Entre otras razones porque, como mantiene Carla Carmona en el estudio sobre su obra que contiene el catálogo de la muestra, ni siquiera Picasso llega a "la factura festivo-bromista tan característica de la artista isleña", quien suele conseguir "desentumecer nuestra mirada para que advierta lo que tiene ante sí y no alcanza a ver", en un impulso poético que trasciende conscientemente desde Whitman y su cuerpo eléctrico para una permanente invitación a cantar la vida en todas las acepciones posibles.
Como para Bella era imposible permanecer improductiva, hasta en sus últimas obras como esa serie titulada Tarot y construida como un collage sobre cartulinas de colores tridimensionadas se aprecia su intencionado viaje esotérico por este mundo para dar el salto a esa vida de la fama que aquí no tuvo resortes suficientes porque, más allá de las aparentes evidencias, hay mundos infinitos que no caben en este.
"Estoy empezando a no pensar demasiado sobre el arte ni los colores ni los pigmentos y tampoco sobre los pinceles ni tampoco los sueños", dejó escrito Bella. "Solo los locos hacen eso, pensar en los colores. Yo solo sueño". También sigue soñando su hermana, Ana Gema, dispuesta a conseguir para Bella el lugar del humanismo contemporáneo que le corresponde. Ya se está trabajando para una exposición mayor sobre el calado de su obra en una sala municipal de Isla Cristina.
"Fue una artista inquieta, diversa y versátil, inclasificable y heterodoxa, precursora en el tratamiento de la cuestión de género y la identidad femenina", asegura el diputado del Área de Cultura y Ciudadanía, Casimiro Fernández, seguro de que "esta muestra servirá como incentivo a los jóvenes creadores y les permitirá conocer una época lleva de efervescencia y de rupturas de los códigos tradicionales".
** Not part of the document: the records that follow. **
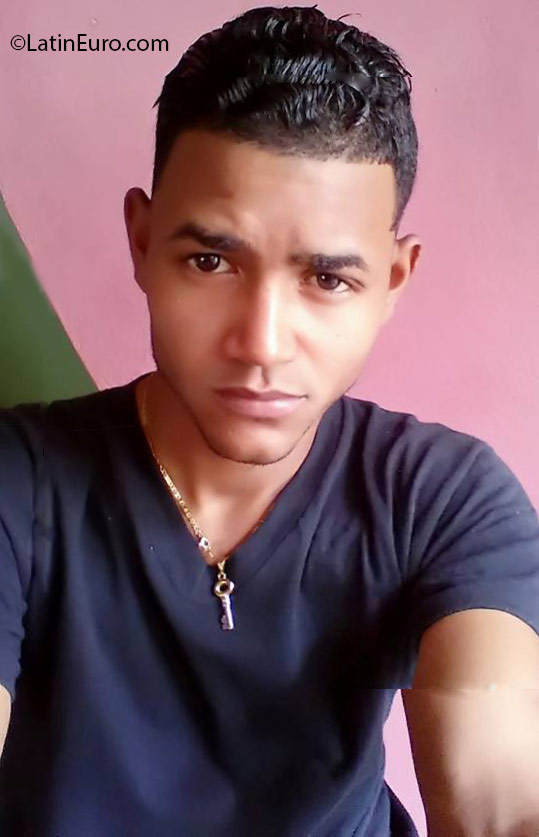 Date this pretty Dominican Republic man Antonio from Puerto Plata DO24600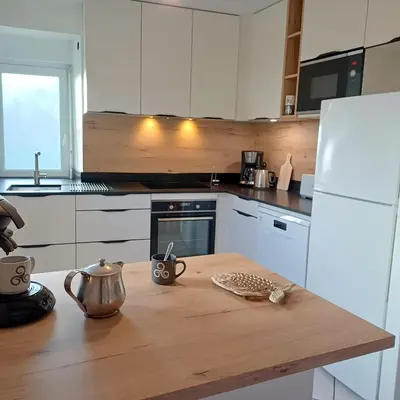 Cuisine ou kitchenette dans l'établissement Maison sur jardin clos au calme à la campagne et proche des plages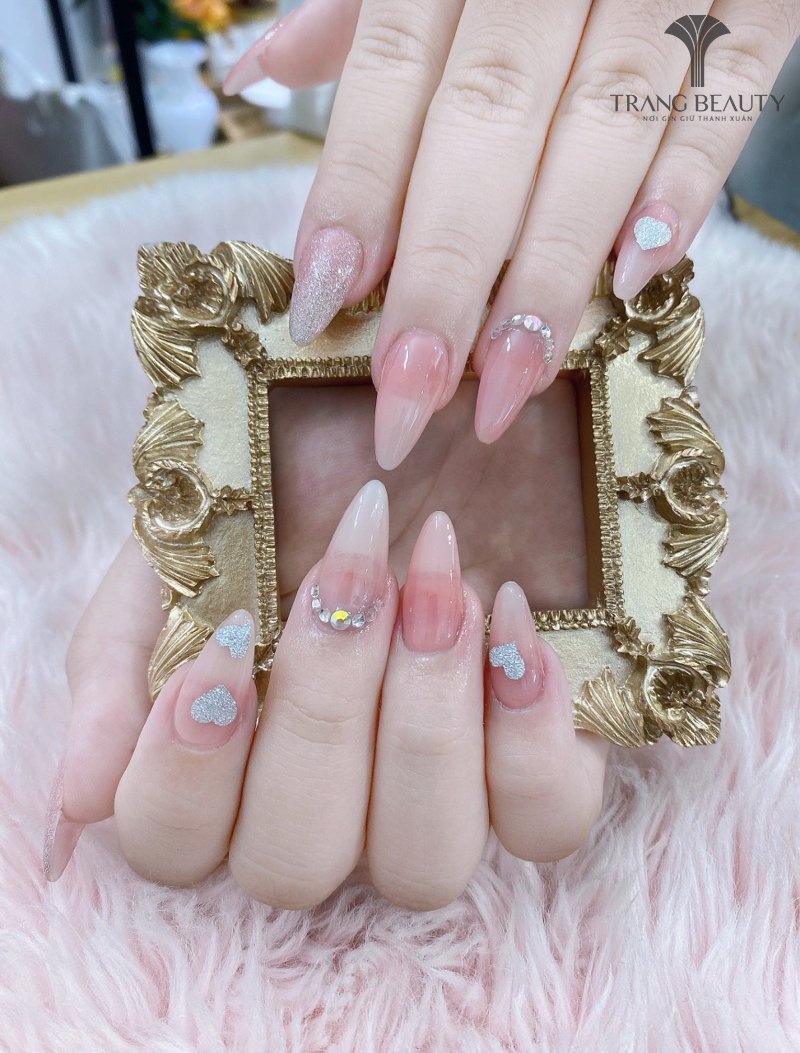 Mẫu nail móng nhọn tròn trái cây nhiệt đới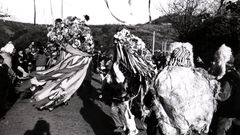 Celebraci�n del Entroido Ribeirao en la parroquia de Vila�xe en 1994, en una imagen del archivo fotogr�fico de La Voz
El hijo de Bella, Carlos Ortiz Moreno, inevitablemente artista internacional, asegura que "recopilando su obra para esta muestra he tenido la oportunidad de revivir sus creaciones y de conocerla más en profundidad, como si cada obra fuera un pequeño momento íntimo compartido con ella que trasciende el tiempo", y añade: "A medida que organizaba sus piezas, me encontré explorando facetas que no conocía, como si fueran secretos que permanecían en silencio guardados entre sus trazos. Al ver esta colección, entiendo que su arte no solo permanece en sus obas, sino también en la forma en que me enseñó a mirar, sentir y crear".